Continuing in this fashion for each grey level, we end up with a GLCM filled with counts.

By convention, we sum the GLCM and the GLCMs transpose to obtain a symmetric matrix:

This can be accomplished using the radiomics package as follows:

library(radiomics)
image <- matrix(c(1,2,3,4,1,1,2,4,3,3,3,2,4,1,4,1), nrow=4)
glcm(image, normalize=FALSE)
##   1 2 3 4
## 1 2 2 3 0
## 2 2 0 2 1
## 3 3 2 0 2
## 4 0 1 2 2

Normally, GLCMs are normalized before features are calculated, this is the default situation for the glcm() function.

More information about the GLCM can be found here.

Gray Level Run Length Matrix

The GLRLM is a matrix which attempts to quantify runs of the same grey level in the image. The GLRLM is set up slightly differently than the GLCM; instead of having grey levels along the abscissa of the table the GLRLM has run lengths.

As with the GLCM, an angle is required (one of “0”, “45”, “90”, or “135”). Below is an example using “0”, note that the image matrix is not the same as the GLCM example:

For each run of a given length we count how many times that length occurs for each grey level. Here, a run length of 1 pixel occurs 3 times for the yellow pixels, and a run length of 3 occurs once for the blue pixels.

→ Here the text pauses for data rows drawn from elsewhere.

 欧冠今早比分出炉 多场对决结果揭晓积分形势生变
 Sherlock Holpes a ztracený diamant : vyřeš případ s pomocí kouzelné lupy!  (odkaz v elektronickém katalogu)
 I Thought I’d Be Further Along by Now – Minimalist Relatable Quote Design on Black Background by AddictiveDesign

We complete this for all pixels in the image to obtain the final GLRLM:

This can be accomplished using the radiomics package with the command:

image <- matrix(c(1,2,4,2,1,3,4,4,2,2,3,4,2,3,3,4), nrow=4)
glrlm(image)
##   1 2 3 4
## 1 0 1 0 0
## 2 3 1 0 0
## 3 2 1 0 0
## 4 0 1 1 0

Note the extra run length column, the number of run length columns is a function of the dimensions of the image. If the run length is possible (in this case, if there were 4 pixels in a row), there will be a column for it in the output. This output can be truncated by specifying the maximum run length you wish to search for:

glrlm(image, max_run_length=3)
##   1 2 3
## 1 0 1 0
## 2 3 1 0
## 3 2 1 0
## 4 0 1 1

Gray Level Size Zone Matrix

The goal of the GLSZM is to quantify regions of contiguous pixels in the image. The GLSZM is set up in the same way as the GLRLM, except along the abscissa are size zones rather than run lengths. A size zone is defined as a collection of 9-connected pixels (ie. connected on their edges and corners) of the same grey level.

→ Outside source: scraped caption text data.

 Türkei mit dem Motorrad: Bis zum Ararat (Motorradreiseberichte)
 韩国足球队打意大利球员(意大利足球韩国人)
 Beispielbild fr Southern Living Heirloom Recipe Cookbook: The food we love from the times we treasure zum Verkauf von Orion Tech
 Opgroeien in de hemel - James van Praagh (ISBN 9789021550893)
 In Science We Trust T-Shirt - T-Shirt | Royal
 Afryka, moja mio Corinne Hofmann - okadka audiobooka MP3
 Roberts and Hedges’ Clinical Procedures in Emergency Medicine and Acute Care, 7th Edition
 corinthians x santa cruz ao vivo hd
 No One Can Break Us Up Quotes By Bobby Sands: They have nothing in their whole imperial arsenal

For the GLSZM we will use the same image as for the GLCM. Rather than labeling grey levels, contiguous size zones are labeled with their size:

For each color we count the number of zones of a given size, here for example, among other size zones, there are two red zones of size 1, a single blue zone of size 2, and a single light blue zone of size 3:

GLSZMs can be calculated using the glszm function:

image <- matrix(c(1,2,3,4,1,1,2,4,3,3,3,2,4,1,4,1), nrow=4)
glszm(image)
##   1 2 3
## 1 2 0 1
## 2 0 0 1
## 3 1 0 1
## 4 2 1 0

For more information on the GLSZM see here.

Calculating Features

From the texture matrices it is possible to calculate many different features. These are summarized in the following table:

First Order GLCM GLRLM GLSZM
energy mean GLN SAE
entropy variance HGLRE LAE
kurtosis autoCorrelation LRE IV
meanDeviation cProminence LRHGLE SZV
skewness cShade LRLGLE ZP
uniformity cTendency LGLRE LIE
mean contrast RLN HIE
median correlation RP LISAE
max differenceEntropy SRE HISAE
min dissimilarity SRHGLE LILAE
diff energy SRLGLE HILAE
var entropy - -
RMS homogeneity1 - -
sd homogeneity2 - -
- IDMN - -
- IDN - -
- inverseVariance - -
- maxProb - -
- sumAverage - -
- sumEntropy - -
- sumVariance - -

Further information and mathematical definitions of these quantities can be found here.

In the radiomics package, each feature associated with a given matrix can be calculated using the calc_features() function. For example:

First order features are calculated on the image, and are prefixed with ‘calc’:

calc_features(hallbey)

GLCM features are calculated if calc_features() is passed a GLCM:

hbGLCM <- glcm(hallbey)
calc_features(hbGLCM)

And so on for the other texture matrix types.